La più grande “sfortuna” di
Sebastiano del Piombo (Venezia, 1485 – Roma, 1547) è quella di aver vissuto in un’epoca e di aver operato in città dominate dai mostri sacri (già allora indiscussi) dell’arte. A Venezia, con artisti del calibro di
Giovanni Bellini,
Giorgione e
Tiziano; poi a Roma, con altre due teste di serie come
Michelangelo e
Raffaello. Ma il più grande merito, unanimemente riconosciuto all’artista veneto, è quello di aver definitivamente introdotto la tecnica della pittura a olio nel panorama romano, specie nelle sue sperimentazioni sui supporti, che lo condusse ad adottarla addirittura sulle pareti. Insieme a un altro merito: esser riuscito a fondere la formazione con il
Giambellino prima e con Giorgione poi alle reminiscenze fiamminghe e alle influenze di quei protagonisti indiscussi dell’arte a Roma nel Cinquecento.

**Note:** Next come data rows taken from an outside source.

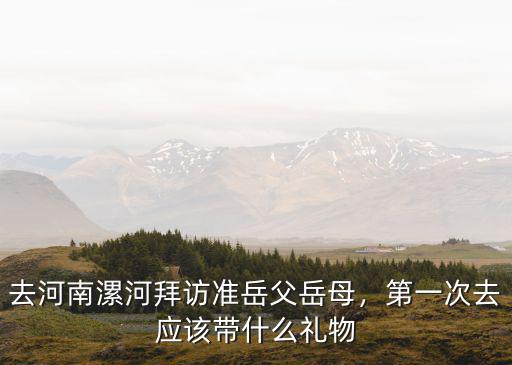去河南漯河拜訪準岳父岳母，第一次去應該帶什么禮物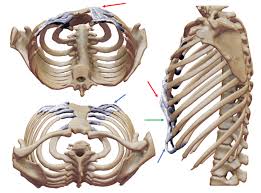 5 according to doctors from the victoria state government, other symptoms of painful rib cage muscle injuries can include: Rib Flare Pectus Clinic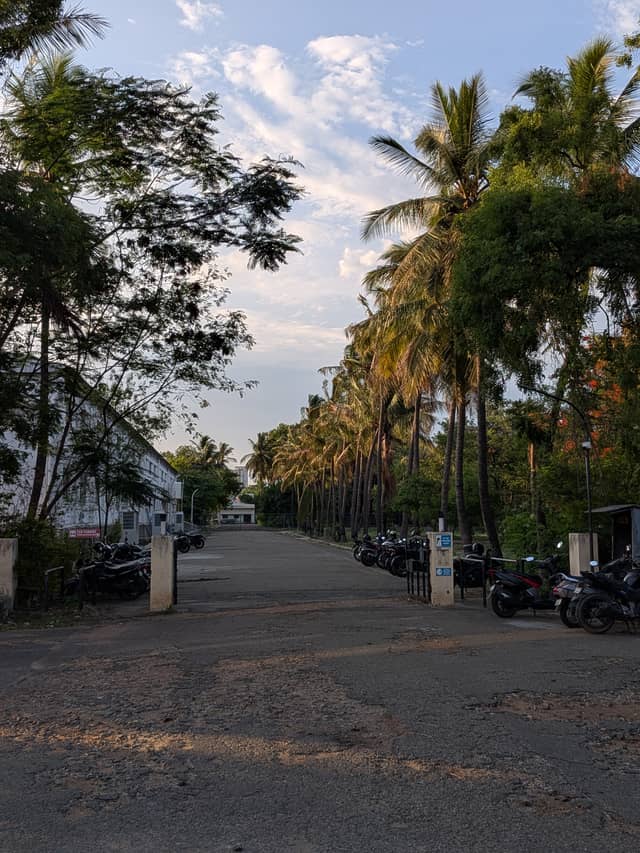 Palm-Lined Campus Drive, Coimbatore - Image 1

La mostra, che riunisce le principali opere conservate nei più prestigiosi musei internazionali, rinsalda la già diffusa convinzione che Sebastiano (Luciani alla nascita) sia uno dei principali attori del Cinquecento, anche alla luce dei recenti studi critici, che gli hanno definitivamente assegnato opere a lungo attribuite a Raffaello (in fondo, una ulteriore conferma di quanto Sebastiano avesse assimilato e fatte proprie alcune espressioni artistiche).
Com’è noto, è conosciuto come Sebastiano del Piombo a seguito dell’incarico di piombatore pontificio, che implicava l’entrata nell’ordine del clero minore, ma che ebbe la rovinosa conseguenza di aver rallentato, se non addirittura fatto cessare del tutto la sua attività di artista.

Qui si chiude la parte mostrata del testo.